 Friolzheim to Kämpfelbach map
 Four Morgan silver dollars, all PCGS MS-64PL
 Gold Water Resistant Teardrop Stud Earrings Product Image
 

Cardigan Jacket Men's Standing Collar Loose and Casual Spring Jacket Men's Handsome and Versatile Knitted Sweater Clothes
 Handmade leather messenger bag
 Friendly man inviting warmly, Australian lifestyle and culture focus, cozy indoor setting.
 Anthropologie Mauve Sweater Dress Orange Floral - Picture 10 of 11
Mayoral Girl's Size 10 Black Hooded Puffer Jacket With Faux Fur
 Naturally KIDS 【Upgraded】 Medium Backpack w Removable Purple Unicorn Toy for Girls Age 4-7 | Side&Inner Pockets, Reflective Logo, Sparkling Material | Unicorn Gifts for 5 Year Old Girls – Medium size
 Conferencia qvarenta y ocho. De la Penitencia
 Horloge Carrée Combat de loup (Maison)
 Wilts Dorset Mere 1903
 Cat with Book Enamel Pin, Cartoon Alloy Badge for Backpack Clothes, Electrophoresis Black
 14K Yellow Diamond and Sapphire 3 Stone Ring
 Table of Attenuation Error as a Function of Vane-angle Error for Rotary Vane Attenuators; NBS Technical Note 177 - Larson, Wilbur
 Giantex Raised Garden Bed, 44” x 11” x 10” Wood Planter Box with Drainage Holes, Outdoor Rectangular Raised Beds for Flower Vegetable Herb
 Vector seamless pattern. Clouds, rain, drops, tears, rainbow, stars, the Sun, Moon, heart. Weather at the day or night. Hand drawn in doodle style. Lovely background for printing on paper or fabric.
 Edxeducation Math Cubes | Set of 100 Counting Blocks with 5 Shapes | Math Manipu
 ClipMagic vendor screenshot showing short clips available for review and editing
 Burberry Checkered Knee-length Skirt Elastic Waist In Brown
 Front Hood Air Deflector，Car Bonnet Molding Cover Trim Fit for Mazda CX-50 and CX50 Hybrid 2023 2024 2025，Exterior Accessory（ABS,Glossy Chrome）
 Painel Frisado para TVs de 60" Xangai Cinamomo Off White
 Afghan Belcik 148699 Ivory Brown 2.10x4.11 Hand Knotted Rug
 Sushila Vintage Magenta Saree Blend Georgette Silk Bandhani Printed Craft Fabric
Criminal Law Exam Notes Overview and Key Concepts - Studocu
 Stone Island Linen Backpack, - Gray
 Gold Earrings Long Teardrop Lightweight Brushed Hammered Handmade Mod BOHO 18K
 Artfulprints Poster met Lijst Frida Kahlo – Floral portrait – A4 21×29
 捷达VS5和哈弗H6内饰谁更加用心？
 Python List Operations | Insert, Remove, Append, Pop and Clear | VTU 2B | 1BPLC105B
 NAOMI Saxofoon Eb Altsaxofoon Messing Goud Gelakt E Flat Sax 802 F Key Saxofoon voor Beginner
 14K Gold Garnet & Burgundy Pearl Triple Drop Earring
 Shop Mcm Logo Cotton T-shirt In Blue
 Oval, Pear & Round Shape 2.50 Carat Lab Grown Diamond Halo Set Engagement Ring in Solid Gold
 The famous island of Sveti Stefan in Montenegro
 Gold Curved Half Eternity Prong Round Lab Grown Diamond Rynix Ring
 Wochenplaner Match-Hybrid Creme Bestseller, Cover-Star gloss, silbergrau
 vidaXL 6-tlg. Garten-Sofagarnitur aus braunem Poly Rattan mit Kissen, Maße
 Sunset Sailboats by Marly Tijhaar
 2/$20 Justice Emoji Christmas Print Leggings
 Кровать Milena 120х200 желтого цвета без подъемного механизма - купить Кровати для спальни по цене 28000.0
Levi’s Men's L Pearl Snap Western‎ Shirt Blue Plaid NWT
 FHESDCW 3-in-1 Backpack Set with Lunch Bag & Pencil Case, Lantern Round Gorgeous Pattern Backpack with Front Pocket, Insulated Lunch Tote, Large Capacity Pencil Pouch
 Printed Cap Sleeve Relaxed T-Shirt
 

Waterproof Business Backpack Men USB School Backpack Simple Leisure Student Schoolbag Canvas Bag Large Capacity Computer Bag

Problem requirements
Give back the entries above exactly as they are, from their first line through the line that contains "Mayoral Girl's Size", both included, with nothing else.

Exercise response
 Friolzheim to Kämpfelbach map
 Four Morgan silver dollars, all PCGS MS-64PL
 Gold Water Resistant Teardrop Stud Earrings Product Image
 

Cardigan Jacket Men's Standing Collar Loose and Casual Spring Jacket Men's Handsome and Versatile Knitted Sweater Clothes
 Handmade leather messenger bag
 Friendly man inviting warmly, Australian lifestyle and culture focus, cozy indoor setting.
 Anthropologie Mauve Sweater Dress Orange Floral - Picture 10 of 11
Mayoral Girl's Size 10 Black Hooded Puffer Jacket With Faux Fur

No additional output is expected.